Every astrology site says its calculations are accurate. Very few say what they checked them against, for how long, and what the differences were. This post is that check, for Steer's panchang engine: every day for 1,124 consecutive days, compared against the Government of India's official almanac, with the results quantified.

The reference: India's official almanac

The natural standard for a panchang is the one the Government of India itself publishes. The Rashtriya Panchang, prepared by the Positional Astronomy Centre in Kolkata, has been the country's official almanac since the Calendar Reform Committee's work in the 1950s. It lists each day's tithi, nakshatra, yoga, and karana with their ending times, the daily planetary positions, the ayanamsa, and the festival dates, all computed on the sidereal zodiac with the Lahiri (Chitrapaksha) ayanamsa the committee standardized.

That makes it the right benchmark for a simple reason: it is independent, it is published to a fixed methodology, and it is the standard against which Indian civil and religious timekeeping is set.

What we compared

The benchmark harness computed, with Steer's engine, the full panchang for every one of 1,124 consecutive days and compared each value against the corresponding published Rashtriya Panchang entry:

  • Element names: the tithi, nakshatra, yoga, and karana current at sunrise each day, plus the lunar month.
  • Ending times: the clock time at which each element ends, as printed in the almanac.
  • Planetary longitudes: the daily sidereal positions of the Sun, Moon, and planets.
  • The ayanamsa: the daily Lahiri value itself.

The engine was given only what the almanac's own tables assume: the date and the almanac's reference conventions, including its central reference location and the Lahiri ayanamsa.
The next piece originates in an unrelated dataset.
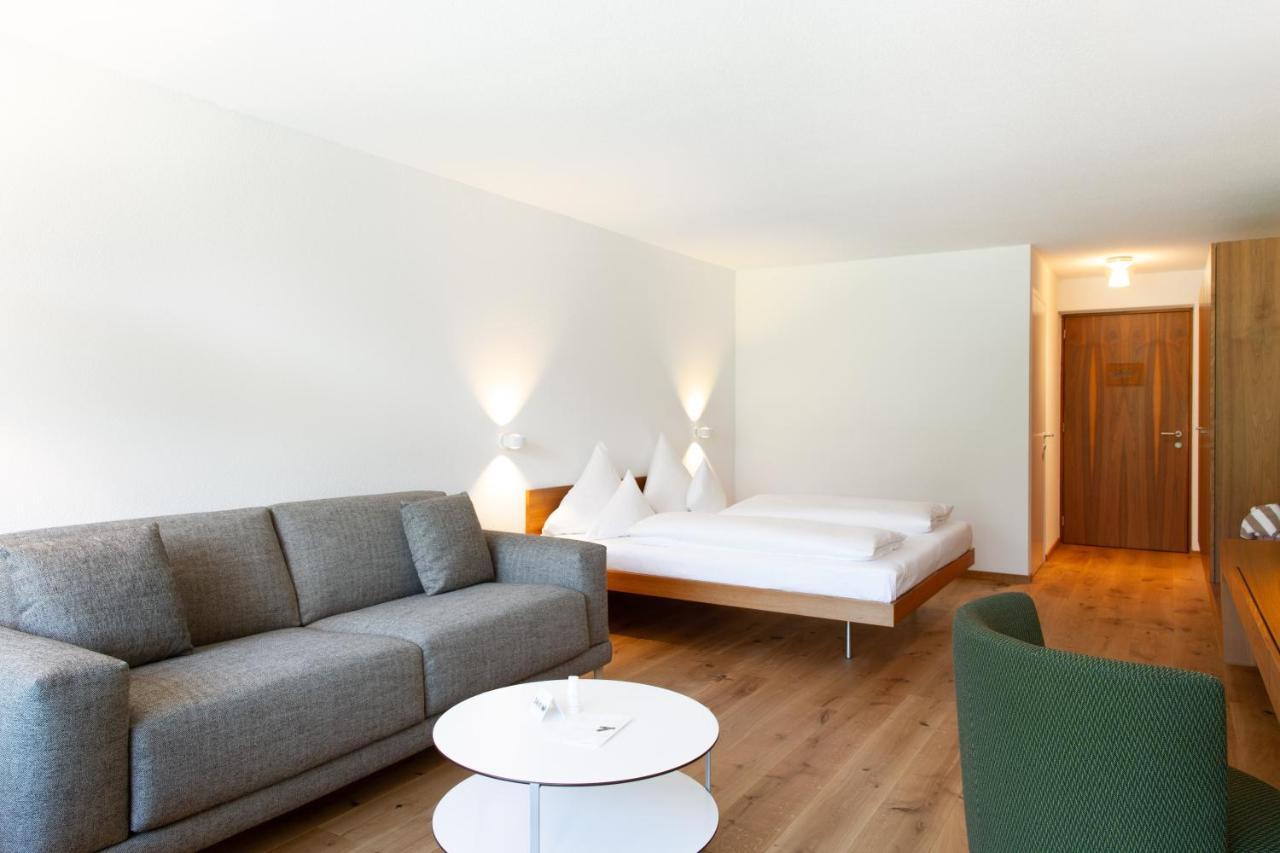 Hotel Krone In Au Au (Vorarlberg) Dış mekan fotoğraf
No per-day adjustment, no correction pass, no special-casing of difficult days.

The results

Element names: 1,124 of 1,124 days in agreement. The tithi, nakshatra, yoga, and karana named for each day matched the official almanac on every single day of the benchmark, including the awkward ones: days when a tithi is skipped or repeated, days when an element ends within minutes of sunrise, and month boundaries with adhika (intercalary) months.

Ending times: within one minute. The Rashtriya Panchang prints ending times to the minute, and the engine's computed times agreed within that printed resolution across the benchmark period.

Planetary positions and ayanamsa: within a fraction of an arcsecond. The underlying sidereal longitudes, computed from the Swiss Ephemeris on NASA JPL planetary data, agreed with the almanac's positions at the sub-arcsecond level, which is far below anything that could change a tithi, a nakshatra, or a chart placement.

Why sub-minute agreement is the honest ceiling

A tithi ends at the exact moment the Moon completes another 12 degrees of separation from the Sun. Computing that moment more precisely than the almanac prints it is possible; verifying beyond the almanac's printed minute is not. So the benchmark reports agreement at the reference's own resolution rather than claiming digits the comparison cannot support. Where the printed value and the computed value rounded to different adjacent minutes, the difference was always within the rounding boundary.

The same honesty applies to the one class of genuine differences we found across sources generally: conventions. Sunrise definitions, reference locations, and month-naming systems legitimately differ between traditions, and two correct almanacs can print different values because they answer slightly different questions. Steer resolves this by following the Rashtriya Panchang's conventions throughout, so that "correct" always means "matches India's official standard."

What this means for the tools you use here

Every panchang value on this site — the daily panchang, the city pages, the values quoted inside articles — comes from the engine this benchmark tested. So do the birth charts, because a kundli is built from the same planetary positions the benchmark verified to sub-arcsecond agreement: the same Swiss Ephemeris foundation, the same sidereal zodiac, the same Lahiri ayanamsa.

Accuracy in astrology software is not a marketing adjective; it is a measurable property. We measured it, against the most authoritative reference available, for over three years of consecutive days. The result is an engine that agrees with India's official almanac on every named element, every day, with timings at the almanac's own printed resolution — and that is the calculation layer under everything Steer does, from the free tools on this site to Steer Astro in ChatGPT.